For the Saturday-Sunday weekend of September 28-29, 2013, here are some media stories of note:
Seymour Hersh, the investigative journalist, says 90 per cent of editors should be fired, that organizations like NBC and ABC should be closed, and that journalists should be returned to their roles as outsiders. The Guardian reports he considers the state of American journalism "pathetic" because of its general unwillingness to be an unpopular messenger of truth.
Earlier this week Popular Science banned online comments on its site. It argued they hurt debate and influenced public opinion in such a way as to affect how science was financed. But Alexis Sobel Fitts, writing for the Columbia Journalism Review, argues that Popular Science isn't actually interpreting science properly. The research it cited to ban comments didn't conclude what the publication said it did and didn't prove the impact of comments was so serious.
The Guardian reports on the final stretch of the long run toward new forms of press regulation in Britain. It notes that an October 9 meeting of the British privy council committee on culture will evaluate an industry proposal on self-regulation or a much more formidable one that enjoys all-party backing.

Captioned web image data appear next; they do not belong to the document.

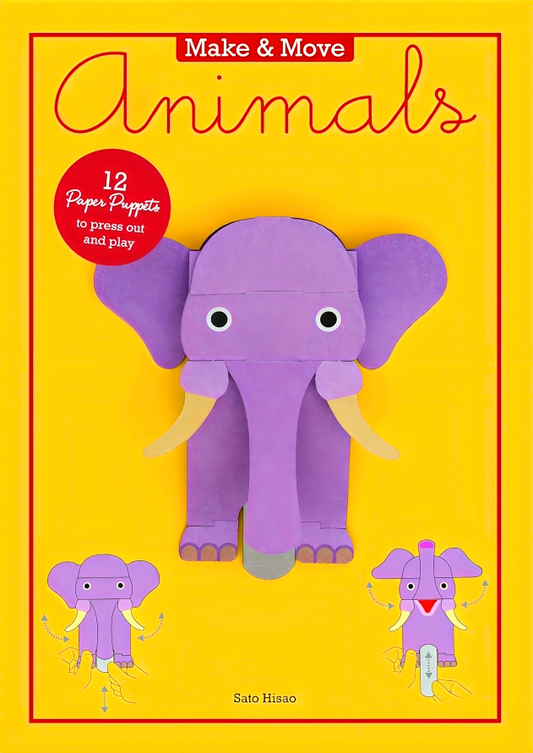Make And Move: Animals: 12 Paper Puppets To Press Out And Play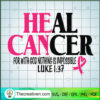 Heal Cancer SVG, Cancer SVG, Never Give Up SVG 2 83 copy 3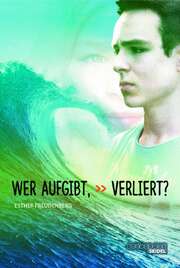 Esther Freudenberg - Wer aufgibt, verliert? Wer aufgibt, verliert?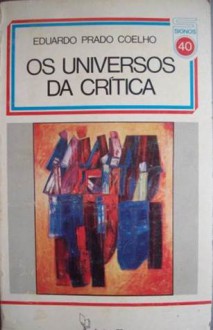 Os Universos da Crítica - Eduardo Prado Coelho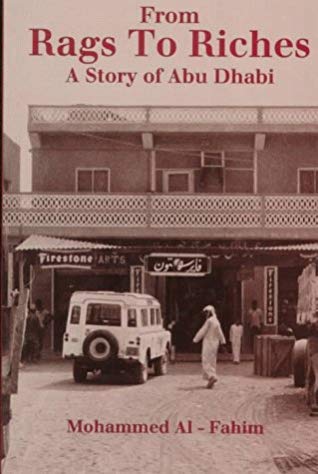 From Rags to Riches: A Story of Abu Dhabi by Mohammed Al Fahim Goodreads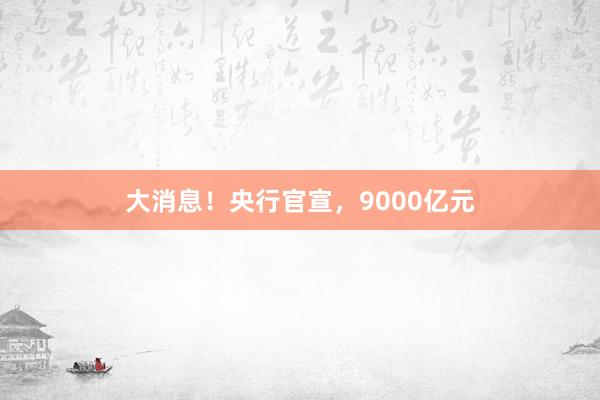大消息！央行官宣，9000亿元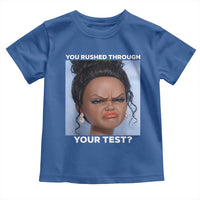 Funny You Rushed Through Your Test Doll Face Meme Toddler T Shirt Teacher Reaction Humor Testing Day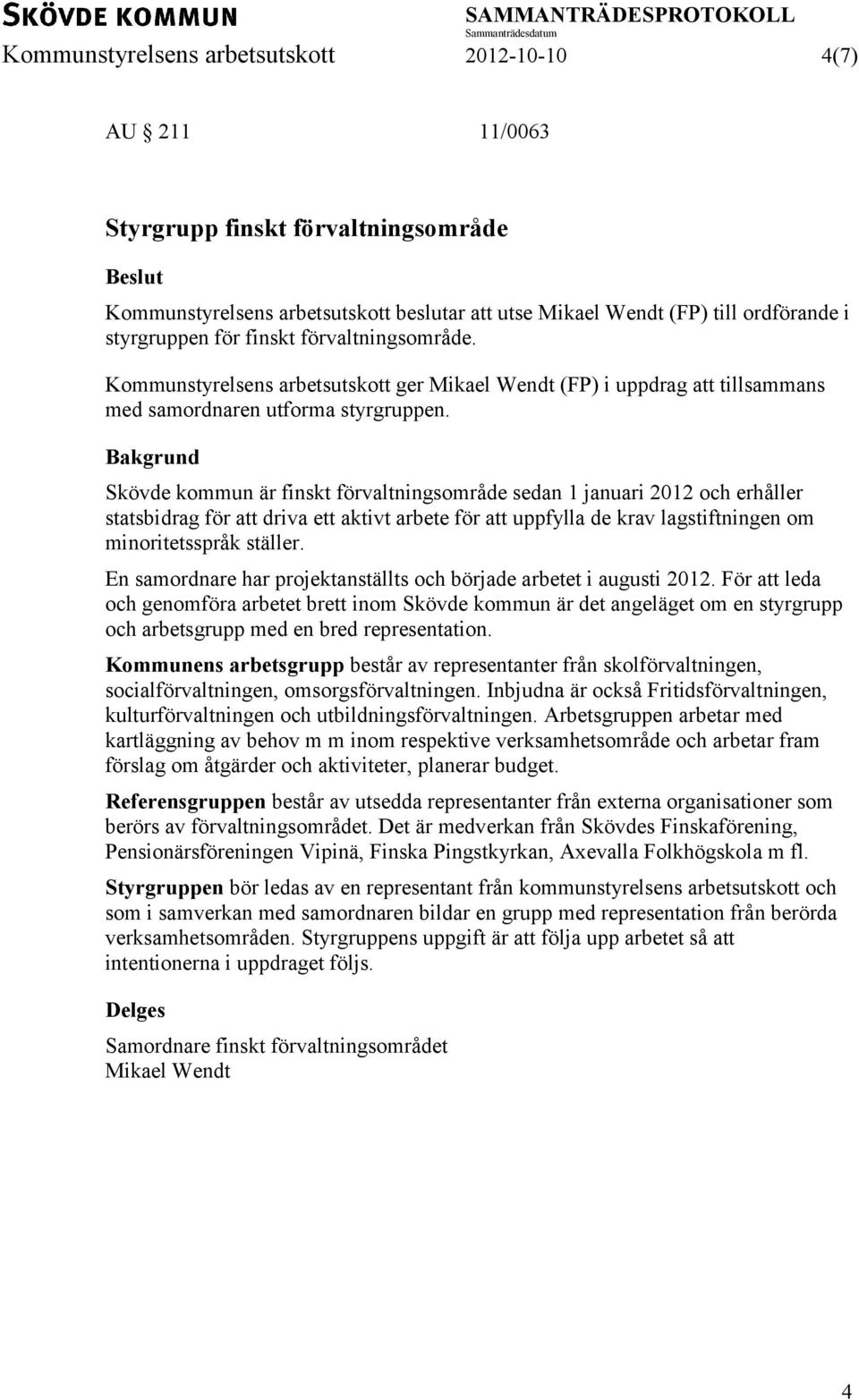 Bakgrund Skövde kommun är finskt förvaltningsområde sedan 1 januari 2012 och erhåller statsbidrag för att driva ett aktivt arbete för att uppfylla de krav lagstiftningen om minoritetsspråk ställer.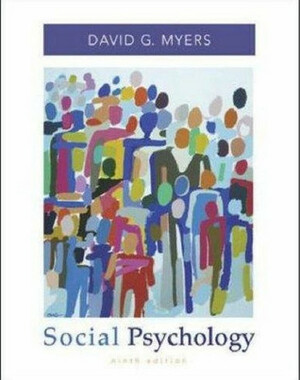 SOCIAL PSYCHOLOGY 8th Edition by David G. Myers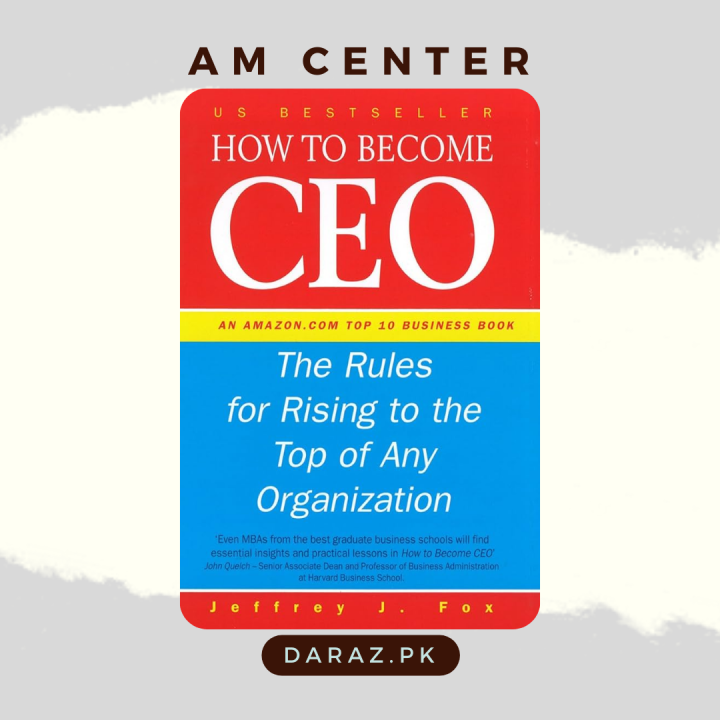 How to Become CEO: The Rules for Rising to the Top of Any Organization by Jeffrey J. Fox ( Fox Jeffrey )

The New Statesman repurposes a well-received post from George Brock, the head of the City University of London's journalism department, on why newspapers and journalism are not in the trouble some believe. He thinks people still love reading ink on paper, that the revolution is really an evolution with several precedents, that adaptation for video and mobile will be necessary, but that ultimately the craft will survive this creative destruction.